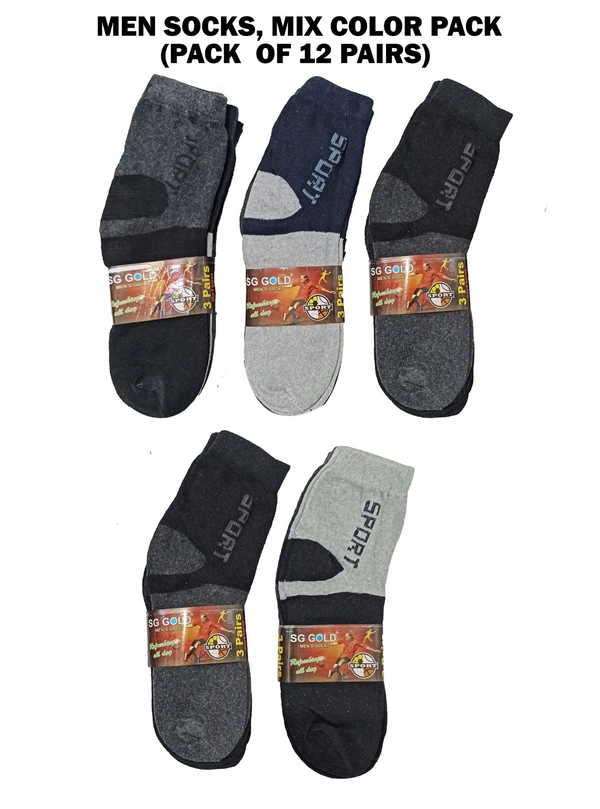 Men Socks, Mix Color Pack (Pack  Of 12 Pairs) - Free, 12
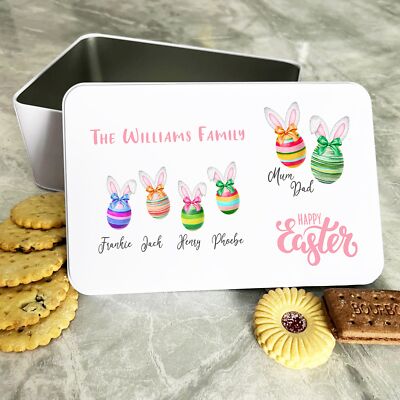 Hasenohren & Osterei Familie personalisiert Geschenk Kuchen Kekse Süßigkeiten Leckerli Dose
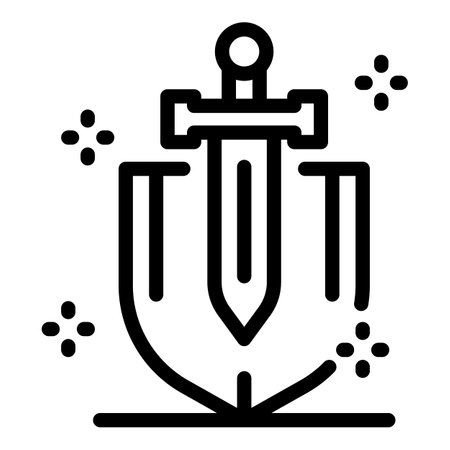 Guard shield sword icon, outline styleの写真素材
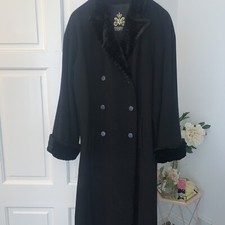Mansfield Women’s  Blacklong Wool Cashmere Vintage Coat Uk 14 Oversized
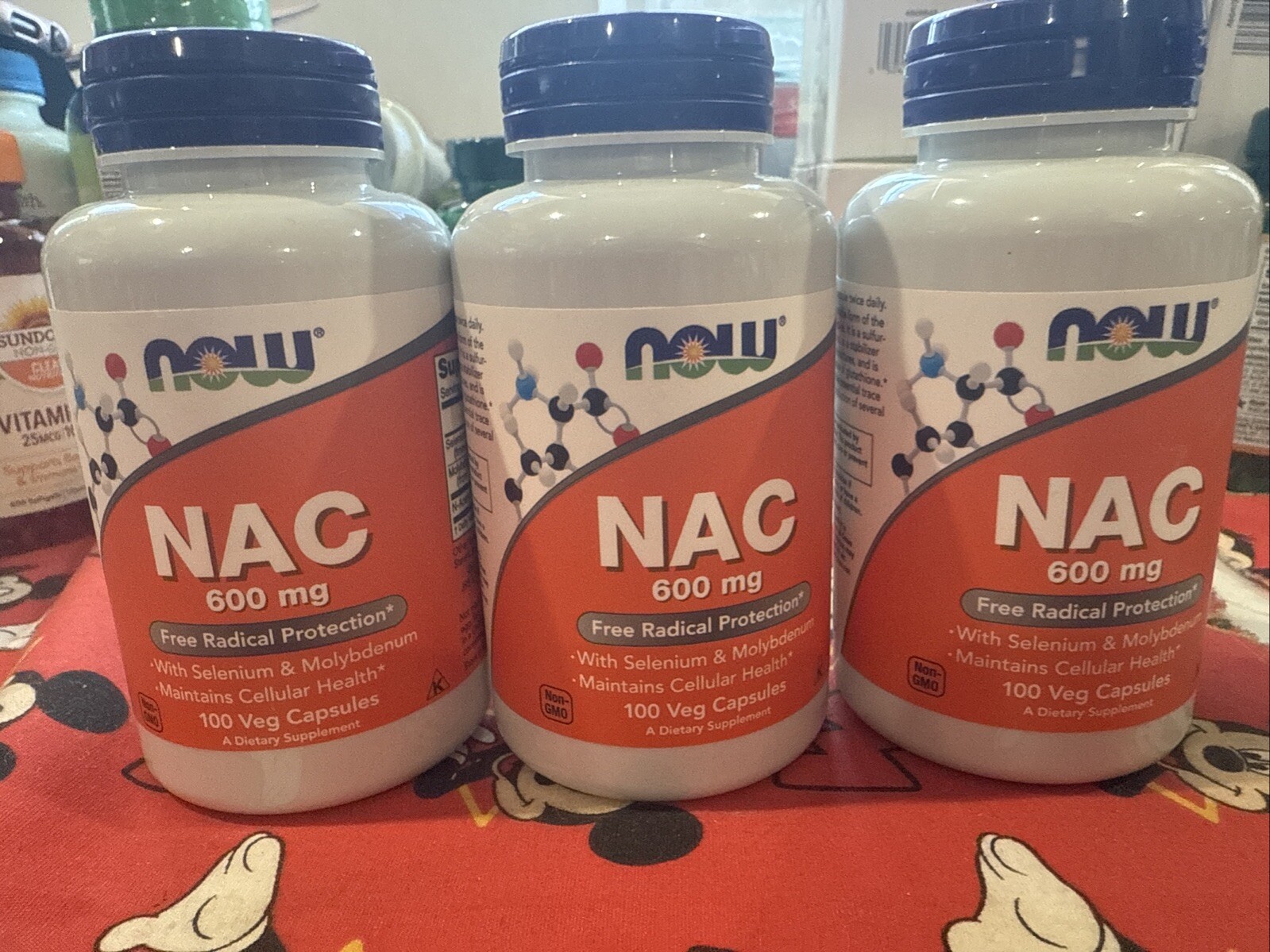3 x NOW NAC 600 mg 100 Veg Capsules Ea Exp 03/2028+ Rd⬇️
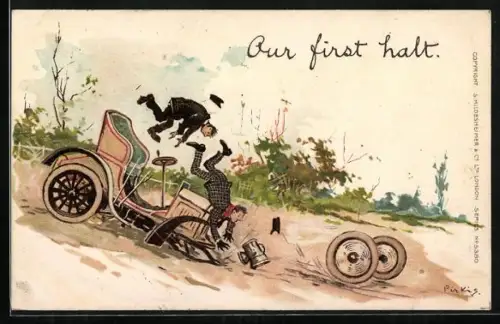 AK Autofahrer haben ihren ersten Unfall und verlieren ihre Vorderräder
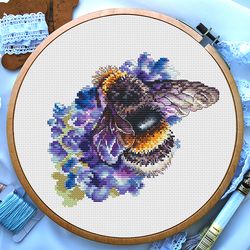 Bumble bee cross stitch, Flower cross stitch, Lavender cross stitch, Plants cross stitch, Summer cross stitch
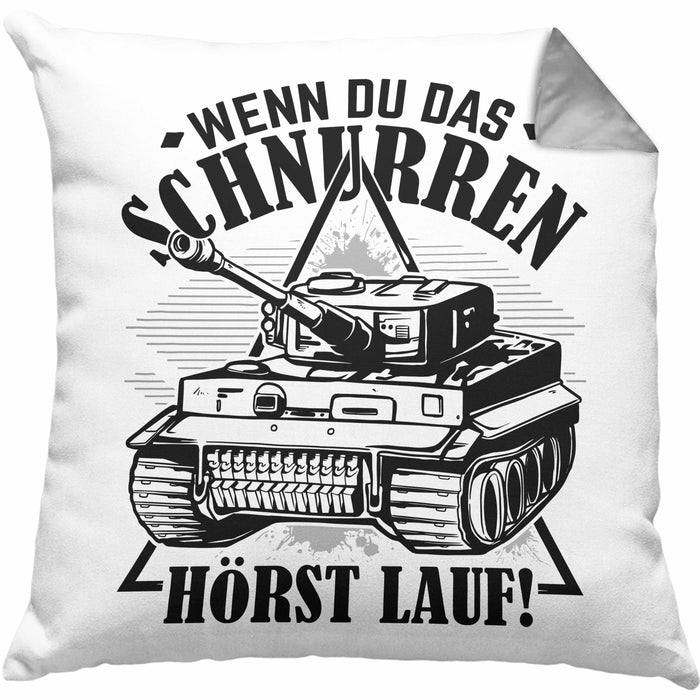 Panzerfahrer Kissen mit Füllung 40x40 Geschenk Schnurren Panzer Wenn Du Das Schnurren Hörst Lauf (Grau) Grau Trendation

--

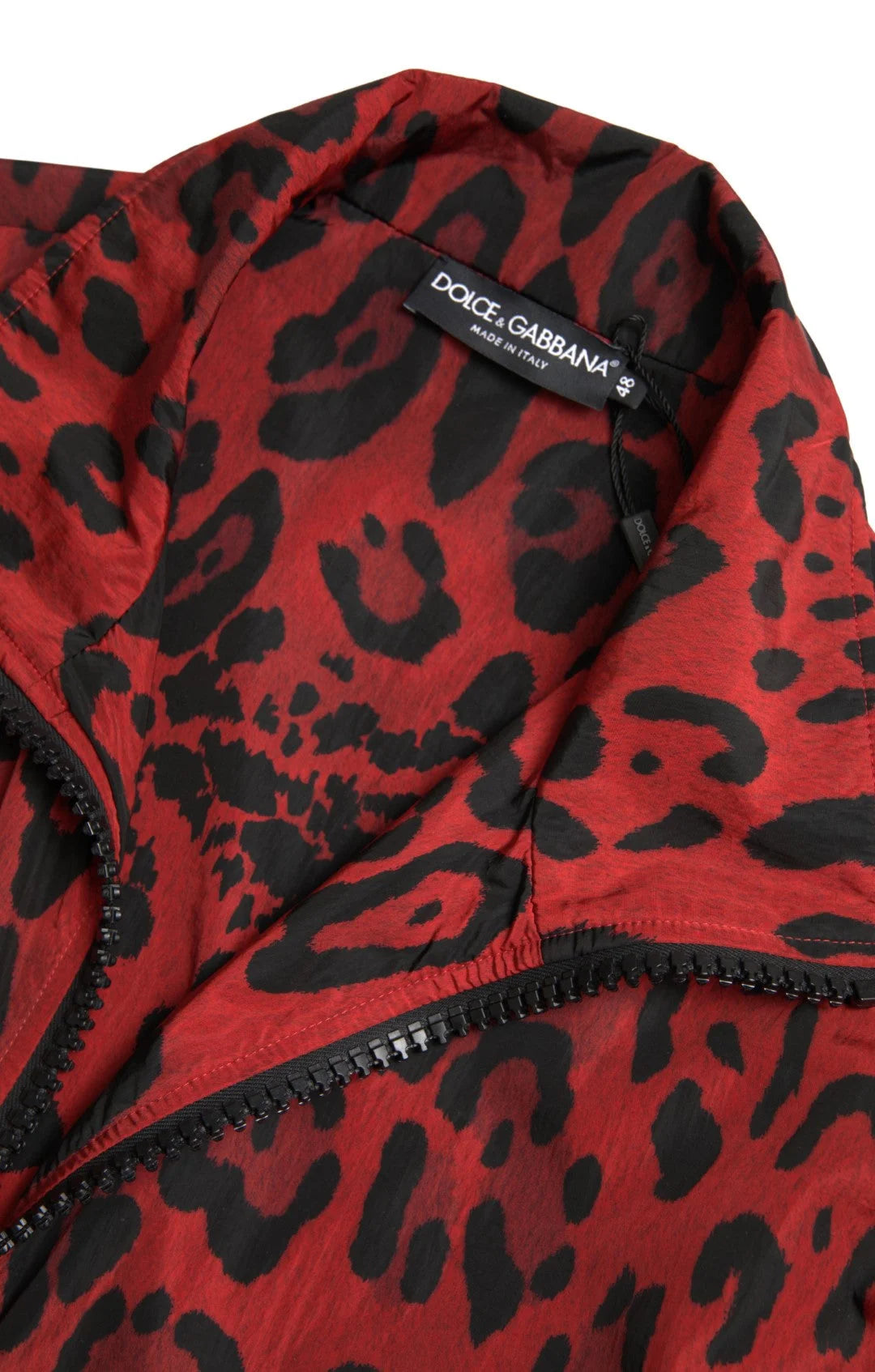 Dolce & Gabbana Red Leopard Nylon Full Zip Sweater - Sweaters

...

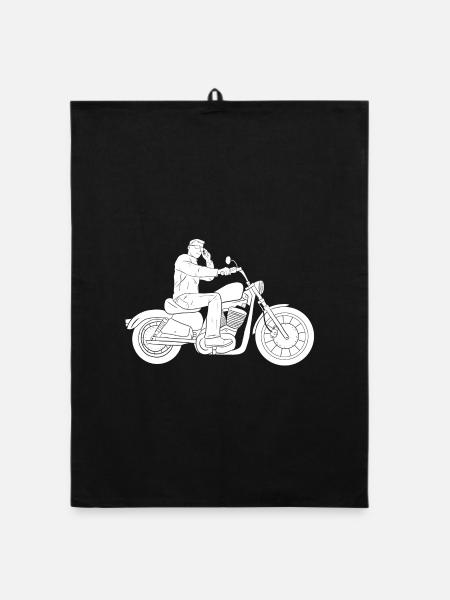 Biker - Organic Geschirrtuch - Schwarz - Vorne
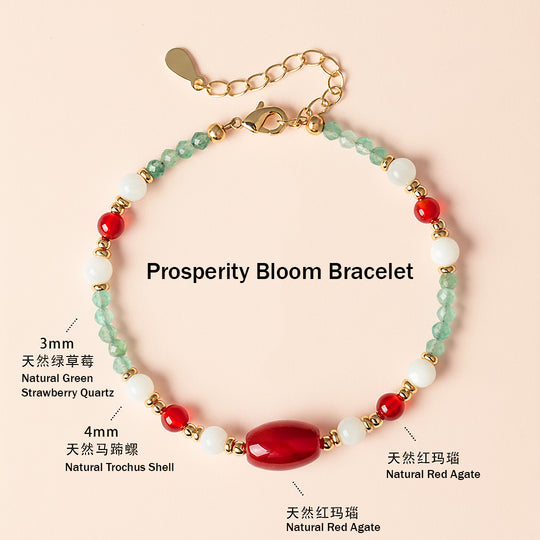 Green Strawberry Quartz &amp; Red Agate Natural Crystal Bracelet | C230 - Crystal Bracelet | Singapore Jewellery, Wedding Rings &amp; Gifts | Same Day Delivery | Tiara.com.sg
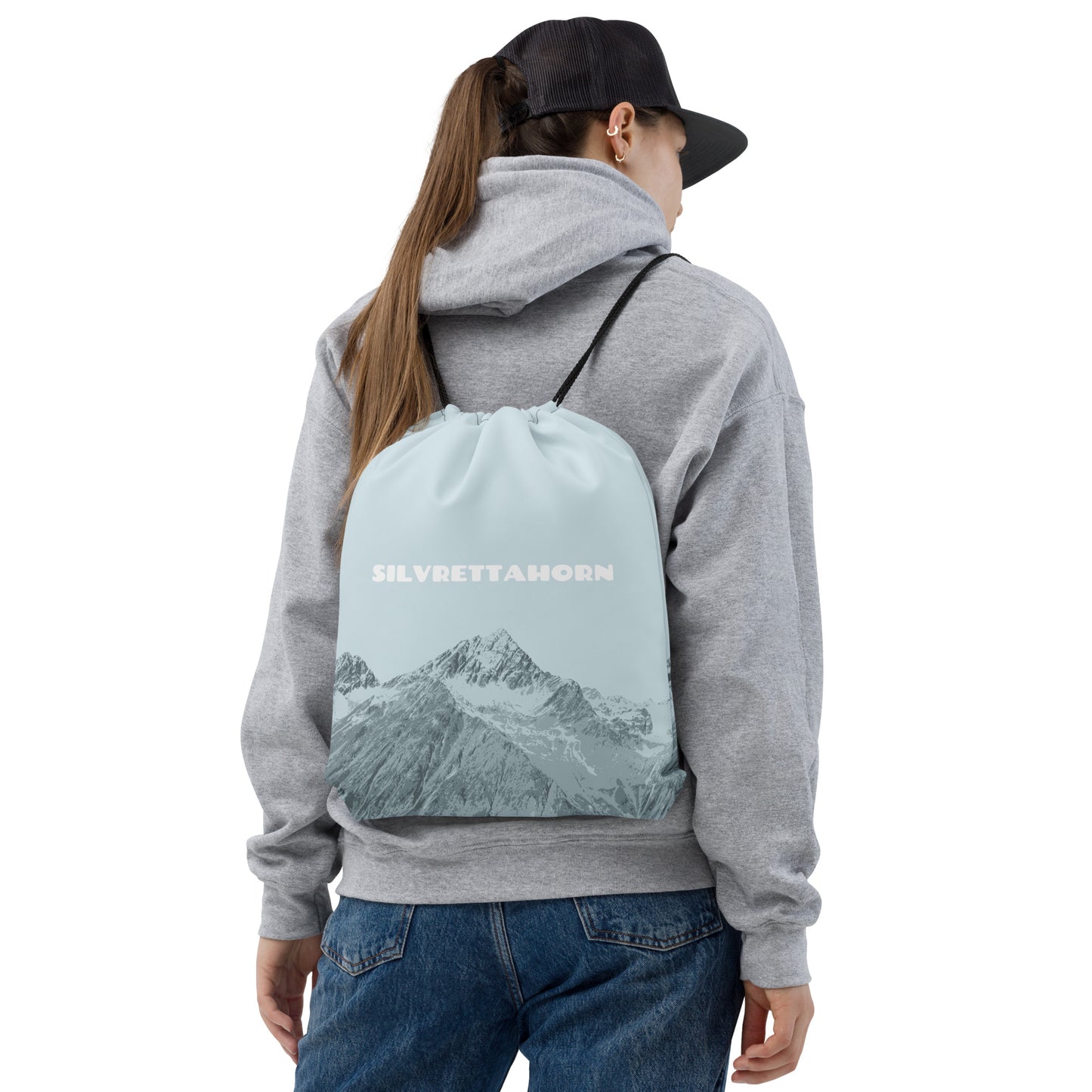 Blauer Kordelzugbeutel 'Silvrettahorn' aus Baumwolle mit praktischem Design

Problem to work on:
Nothing except the lines from the one containing "Guard shield sword icon, outline styleの写真素材" through the one containing "Panzerfahrer Kissen mit" should appear in the answer, exactly as above and without pictures.

Exercise result:
 Guard shield sword icon, outline styleの写真素材
Mansfield Women’s  Blacklong Wool Cashmere Vintage Coat Uk 14 Oversized
3 x NOW NAC 600 mg 100 Veg Capsules Ea Exp 03/2028+ Rd⬇️
 AK Autofahrer haben ihren ersten Unfall und verlieren ihre Vorderräder
 Bumble bee cross stitch, Flower cross stitch, Lavender cross stitch, Plants cross stitch, Summer cross stitch
 Panzerfahrer Kissen mit Füllung 40x40 Geschenk Schnurren Panzer Wenn Du Das Schnurren Hörst Lauf (Grau) Grau Trendation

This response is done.